ANNAPURNA SARADA, Friday, August 21, 2015 11:00 am

The Infinite is Never a Compound

Raised by a metaphysical mother, we were taught early on to watch not just our spoken words, but also our thoughts, for they had the power to manifest. In tandem with this was the practice of denying such statements as “I am sick,” “I am tired, sad, etc.”  Not only were such thoughts capable of locking in such experiences, but the foundational teaching was that “I” was not a body or anything associated with the body. “I” was intangible Spirit/Soul. So we chose our words carefully and tended to have more “well days” off of school than “sick days.”  Really, we would skip school and go to the mountains to play for the day.

Two decades later I was sitting in Swami Aseshananda’s ashram listening to Sunday lectures every week.  One of the things he often repeated was that the Infinite can never be a compound.  A compound must be finite because it is made of two or several things, and in order to be infinite, it must be the “One without a second.”  A compound is always subject to decay; it has a beginning, middle, and an end. Of course, this clarified the reasoning process of the practice I had been given early on.  That intangible Spirit, which was my “I,” had to be the Atman-Brahman of Vedanta, the unique, singular Reality.  No wonder it could not be the body, the mind, or anything associated with them; they were compounds.  But compounds of what and from what source?

Sankhya studies came next and provided a cosmological framework on which to practice separating out the “I” (the Self) from the non-Self, or all the possible compounds. Now I could see that the body was made of the five elements and all the objects of the senses (whatever I heard, touched, saw, tasted, or smelled) were also made of those five elements: ether/space, air, fire, water, and earth.  Every-thing in this gross world is a combination of those five elements.  But where did they come from?  Science tells us that matter comes from smaller bits of matter or energy; this takes us further into the realm of compounds, because the enquiry remains in the physical universe.  Cosmology, however, takes us inward into the mind on a trajectory to the Infinite, “that one thing by knowing which all else is known.”

The physical elements themselves are compounds and have their next level of origin in what is called the tanmatras, which are a rudimentary form of elements, senses, and sense objects.  These five can be described as:

–the idea of sound and the space it will travel through to be heard

–the idea of tangibility and the air that makes touch possible

–the idea of visibility and the radiance needed for sight,

–the idea of flavor and the water needed for taste

–the idea of odor and the earth needed to produce things to smell.

The main point here is that the physical manifestation of things have been preceded by the thought, the idea, of them, literally, or idealized.  But this manifestation must occur via some power.
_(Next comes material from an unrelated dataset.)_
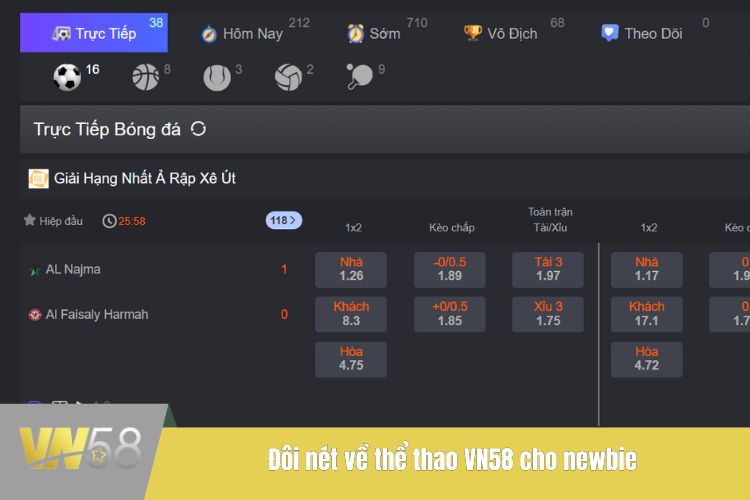 Đôi nét về thể thao VN58 cho newbie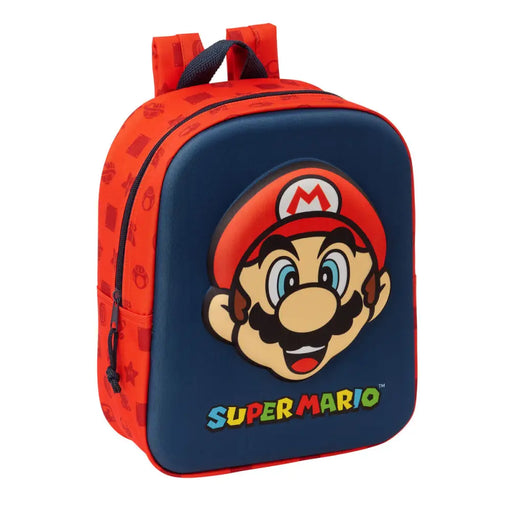 Училищна чанта Super Mario Червен Морско син 22 x 27 x 10 cm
Prana is the name for that power, manifesting as insentient force or energy in the universe, as life force in bodies, as psychic force moving thoughts, and as Dynamic Intelligence when  the insentient veils fall off in higher states of consciousness, both for the individual, the collective, and the Cosmic beings.  It is one of the secret teachings of Vedanta and different Yogas that prana, an insentient energy in the unawakened, gets revealed as Supreme Cosmic Intelligence, the Mahashakti, sometimes also called Ishvara, moving through all realms of existence.  In the Upanisads, Prana is sometimes used in place of Brahman. But until a true awakening comes, one must be careful not to think that Consciousness (Brahman) is insentient energy, or one will lose the goal of Realization.

What we have been describing here is a process of involution, or dissolving the mindstream, as my teacher puts it.  Elements are involved (opposite of evolve) into the senses, both are involved into the tanmatras.  The method I have been taught then dissolves the tanmatras into the pranas and psychic pranas, and then these are dissolved into the Antahkarana (four-fold mind of buddhi, chitta, manas, ahamkara).  Then antahkarana is dissolved into the Great Mind (Mahat, containing cosmic principles like time, space, causation, and others); the Great Mind into AUM; AUM into Atman and Atman into Brahman.  This is all done in the mind during the contemplation portion of meditation and aptly prepares one for a deep formless meditation.  One of the results of this practice is the awareness that objects, gross and subtle, rise and fall within Consciousness without ever affecting It.  Another lesson is that all objects come out of the mind; there is nothing to cling to therefore.  Yet another lesson is that everything is “unoriginated.”  And this is where I have been headed in this writing.

My teacher, Babaji, just completed a series of classes on Gaudapada’s Non-Touch (Asparsha) Yoga.  I can hardly write this without also hearing the quip “you can’t touch this!”  Yes, Brahman, Reality, cannot be touched by anything, nor can we touch, physically or mentally, any-thing if we are intent on immersing into That, our true nature.  Here is a quote from one of his classes where he was elucidating one of Gaudapada’s teachings on non-origination, ajativada:

“You cannot produce an unproduced thing.  And even if you have a “produced” object, it was unproduced before; thus, its true nature is unproduced.  It has simply been made to look like something other than it truly is.  And, surprise!  That is the case with all the worlds, and with human bodies as well.  Everything in Maya looks other than what it truly is…..”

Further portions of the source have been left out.